A Dive Into Web Safe Colors, And Why You Shouldn't Use Them

Explore the vibrant history of web safe colors, and discover why clinging to the limited 216-color palette is a thing of the past.

4 min read/Dec 3, 2023
Old Computer With Glowing Screen

Ah, the 90s internet! The era when the internet was a wild frontier, and screens could only muster a miniscule amount of colors. Let's dive into the colorful history and nostalgia of web-safe colors, and why you shouldn't think about them anymore.

The History of Web Safe Colors

In the mid-1990s, computer displays could only display a teeny tiny amount of colors compared to today's technology. 256 to be exact. Because of the difference in displays and color limit, if a color was used that wasn't supported, the display showed a different color. This meant that websites might look completely different depending on who looked at them. Because of this, a set of 216 colors was created that could be displayed constantly across devices without issues. This became known as the "Web Safe" color palette (See below.)

But why 216 and not 256? Well, Operating Systems were a little greedy, reserving a portion of the colors for their own use. So, designers were left with 216 colors, which they were encouraged to stick to on their websites.

Are "Web Safe" colors really safe?

As we sailed into the 2000s, 256-color displays were tossed overboard, replaced by the superior 24-bit (TrueColor) displays that could display 16,777,216 color variations.

But even in their heyday, web safe colors weren't perfect. On certain systems, web safe colors would still look different, and it was discovered that only 22 of the 216 colors were reliably displayed! If you really wanted things to be safe, you'd have to stick to those 22 colors. But that's not many options to choose from, is it?

The New Era of Color Technology

Fast forward to today, and we're living in a world of millions of colors in sRGB and beyond. Many modern devices support technologies like display p-3 that contain 25% more colors than sRGB. So, don't limit yourself to web safe colors, especially when there are practically no users left on 256 color displays. Even better, embrace new the era of color technology, and use display p-3, oklch, and more!

For example, you can use css to specify a super bright green color in oklch:

.super-bright-green {
    /* Fallback to sRGB hex code */
    background: #00f659;
    /* OKlch color */
    background: oklch(84.85% 0.353 146.65);
Note: If the colors look the same, most likely your browser or display doesn't support oklch yet.

What it looks like:


Complete List of Web Safe Colors

Below is a color chart of web safe colors in all their glory!

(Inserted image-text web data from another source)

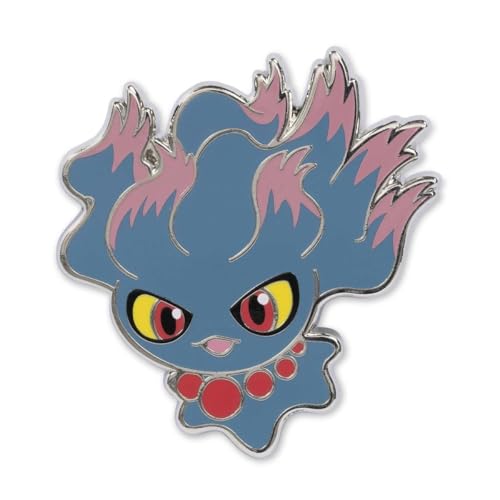 Broche Pokémon Misdreavus de collection en métal émaillé pour vestes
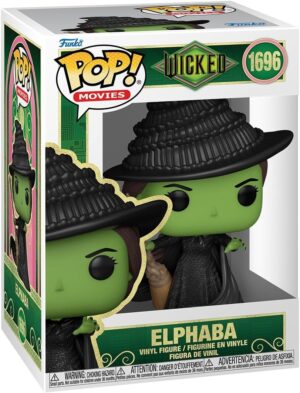 Figurine Funko Pop! Wicked Elphaba en vinyle 9,5 cm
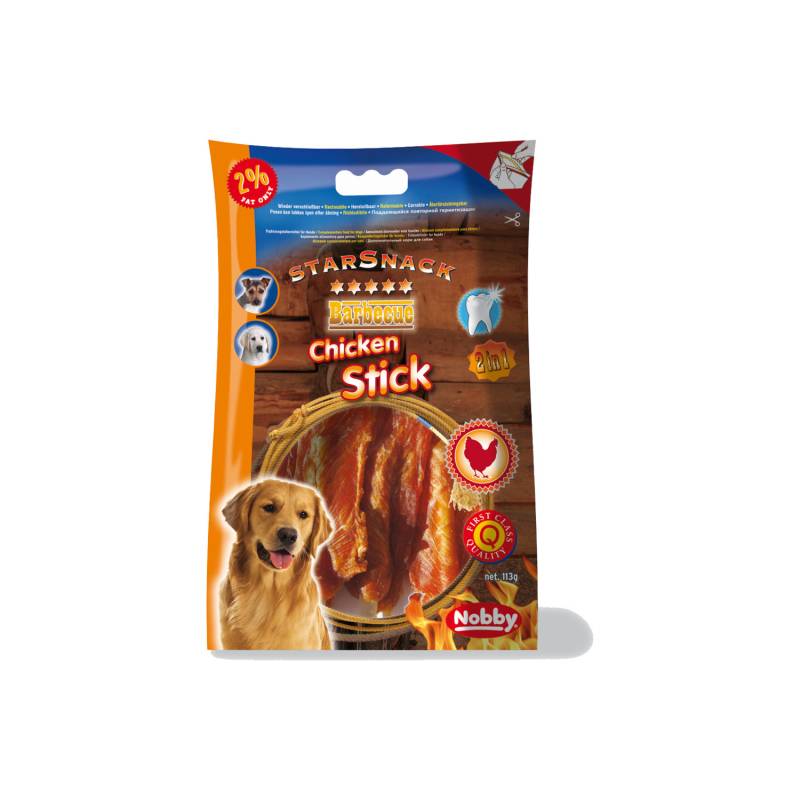 Nobby Starsnack BBQ - Chicken Stick - 113 g von Nobby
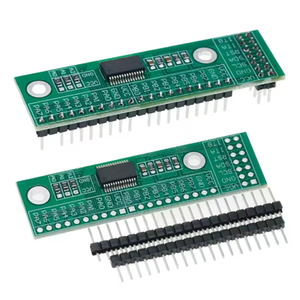 แผงวงจรขยายสัญญาณไออิก I2C MCP23017-E 1ชิ้น I2C กับ16IO แผงวงจรขยายอินพุต/เอาต์พุต MCP23017 3.0V-5.5V - Product Image 1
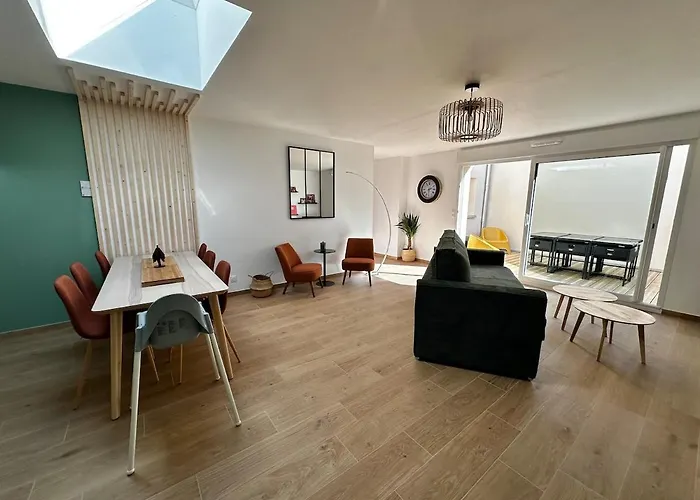 Appartamento Fox - Pour 6 Personnes Avec Patio *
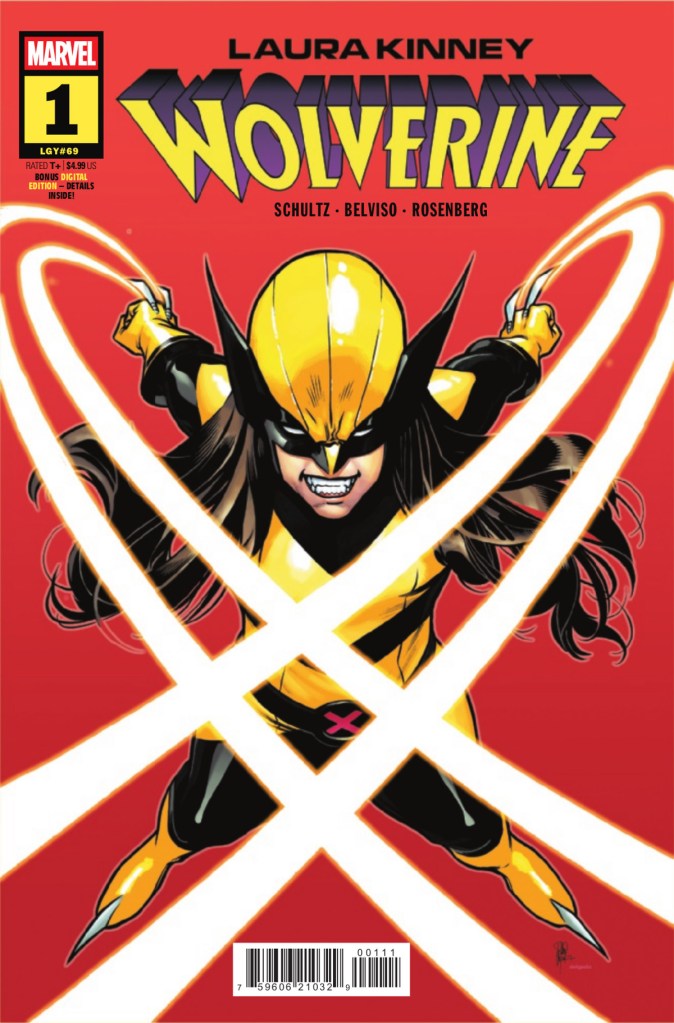 Laura Kinney Wolverine 1 Main Cover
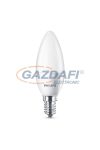 PHILIPS 871869647491400 LED fényforrás, 4W B35 E14 WW FR ND RF 1BC/6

Click on any web safe color color to copy the hex code to your clipboard.


Are web safe colors still relevant?

No, web safe colors are very outdated. They were created when 90s-era computers could only display 256 colors, however now that most devices support millions of colors, there's no reason to use them.

What are web safe colors?

"Web Safe Colors" are an outdated set of 216 colors that were the recognized standard for web design in the 90s. They were created to ensure that websites looked the same across different devices.

How can you tell if a color is web safe?

Web safe colors are divided into multiples of hexadecimal 33. So if you split up the R, G, and B values of a color, they should all be one of these values:

00  33  66  99  CC FF

Are HTML color names web safe?

Only a small number named html colors are "web safe", and since web safe colors are obsolete there's no reason to use them. For posterity though, here's a list of html colors that are web safe:

  • red
  • blue
  • green
  • lime
  • olive
  • yellow
  • maroon
  • navy
  • purple
  • teal
  • fuchsia
  • aqua
  • black
  • silver
  • gray
  • white


It's time to say goodbye to web safe colors. It's been a colorful journey, but like dial-up internet and floppy disks, it's time to leave them in the 90s where they belong.